0:29:23.5 Maia Szalavitz: I think they work for some people. And I think that what we need to do is recognize that for every medical condition, there are cases where faith healing kind of things work, and especially if you are talking about a condition like addiction, where what you really need to recover is a sense of meaning and purpose and hope. And for some people, 12 steps certainly provide that. The problem is that you shouldn’t put it into a medical addiction treatment system, so right now, something 70%, 80% of our treatment system is focused on teaching people the 12 steps, teaching people that the only way to recover is going to meetings and being totally abstinent from all substances other than caffeine, sugar and cigarettes.

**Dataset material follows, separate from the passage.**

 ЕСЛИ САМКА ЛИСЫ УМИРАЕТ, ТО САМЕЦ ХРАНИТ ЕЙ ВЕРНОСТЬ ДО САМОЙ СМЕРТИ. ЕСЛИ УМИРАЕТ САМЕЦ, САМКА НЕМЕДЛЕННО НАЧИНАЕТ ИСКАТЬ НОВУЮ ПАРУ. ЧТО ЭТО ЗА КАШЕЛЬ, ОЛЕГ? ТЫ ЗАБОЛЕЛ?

0:30:20.6 Maia Szalavitz: So this is the thing, it never should have been part of professional treatment because for example, if I go to treatment for depression, I don’t get told I have to get on my knees and take a moral inventory and make amends to the people I’ve harmed. If somebody told me that when I was in depression treatment, I would think that I was seeing a quack, and I would think that they’re blaming me for having depression, but when it comes to addiction, this suddenly is the default mainstream treatment. And so, while I think all human beings could benefit from moral inventory and making amends to people they’ve harmed and all that good sort of spiritual work that you can do, if you single out people with addiction to be the only people in medicine and psychology, that get a moralizing treatment, how is that not stigmatizing them? How is that not saying addiction is not a disease? Even though people in 12-​Step insist over and over that they believe addiction is a disease, but they also believe it’s a disease that has the only moral treatment in medicine.

0:31:28.9 Maia Szalavitz: So in order to get rid of this controversy and yet let people benefit from the fact that as mutual aid, as help in the community, it’s free, it’s available 24/7 in most places, and it provides social support, which is essential for many… For most people’s recovery. So it’s like this thing where I am being seen as either way too 12 steps or way too anti 12 step, but what I’m trying to do is say in the community, 12 steps can be a wonderful source of social support, and for that reason, treatment providers should say, Look, if you’re gonna recover, it’s really important to have some social connections and support, that might just be your family, that might be a 12-​step group, that might be your exercise group, that might be your church, that might be your temple or mosque, or whatever, but you genuinely are going to need something that makes you feel connected and makes you feel like you have a purpose.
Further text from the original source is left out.